- [AIM OF THE TASK]
Of the entries below, restate word for word only the section that runs from the line with "2023 BMW M3" to the line with "Como Lake Park Drone Photo", counting both ends.

- [SUPPLIED MATERIAL]
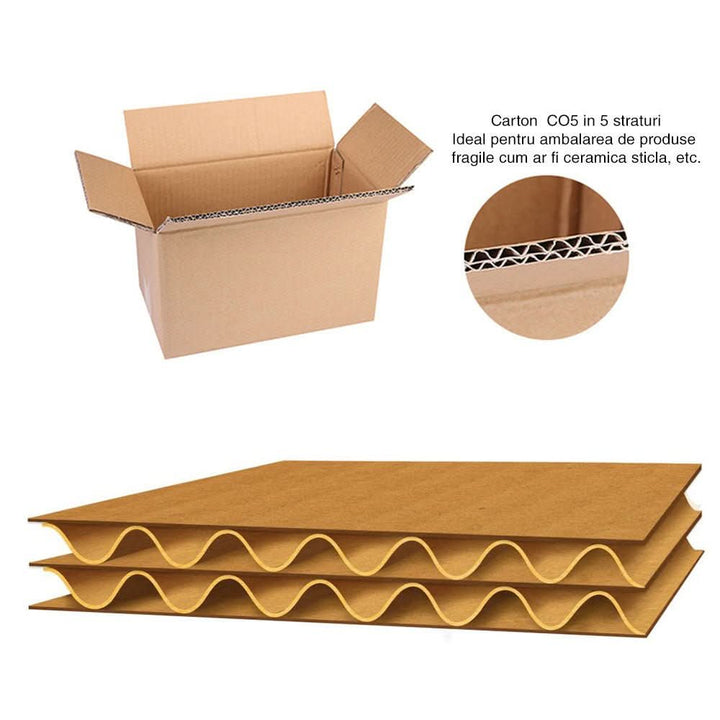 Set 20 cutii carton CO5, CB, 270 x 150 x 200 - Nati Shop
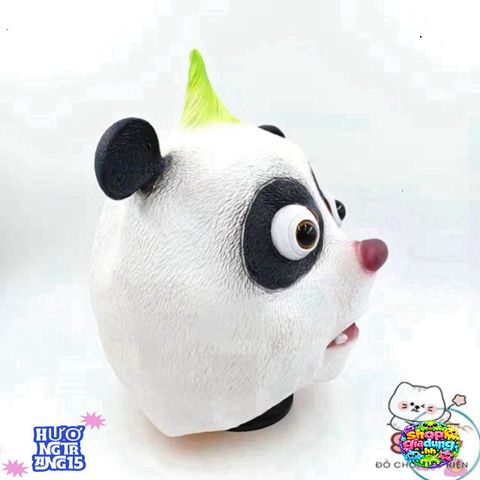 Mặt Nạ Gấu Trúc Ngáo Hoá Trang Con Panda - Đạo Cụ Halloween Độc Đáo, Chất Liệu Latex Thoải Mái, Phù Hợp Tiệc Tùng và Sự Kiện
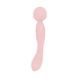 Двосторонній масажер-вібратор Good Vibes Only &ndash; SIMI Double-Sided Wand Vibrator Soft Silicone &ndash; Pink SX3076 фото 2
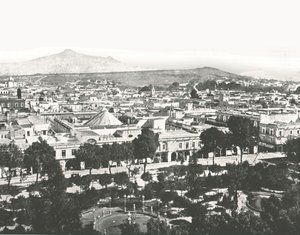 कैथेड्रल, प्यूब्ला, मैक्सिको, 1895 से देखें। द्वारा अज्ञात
---
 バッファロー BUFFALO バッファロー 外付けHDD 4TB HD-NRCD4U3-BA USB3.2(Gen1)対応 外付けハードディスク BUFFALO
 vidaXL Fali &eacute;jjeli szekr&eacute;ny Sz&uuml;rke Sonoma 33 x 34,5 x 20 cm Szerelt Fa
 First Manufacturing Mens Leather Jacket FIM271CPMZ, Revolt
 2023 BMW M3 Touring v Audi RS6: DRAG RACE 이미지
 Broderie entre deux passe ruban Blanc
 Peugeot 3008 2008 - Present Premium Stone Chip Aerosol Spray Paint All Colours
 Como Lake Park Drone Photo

- [RESPONSE FOR THIS EXERCISE]
 2023 BMW M3 Touring v Audi RS6: DRAG RACE 이미지
 Broderie entre deux passe ruban Blanc
 Peugeot 3008 2008 - Present Premium Stone Chip Aerosol Spray Paint All Colours
 Como Lake Park Drone Photo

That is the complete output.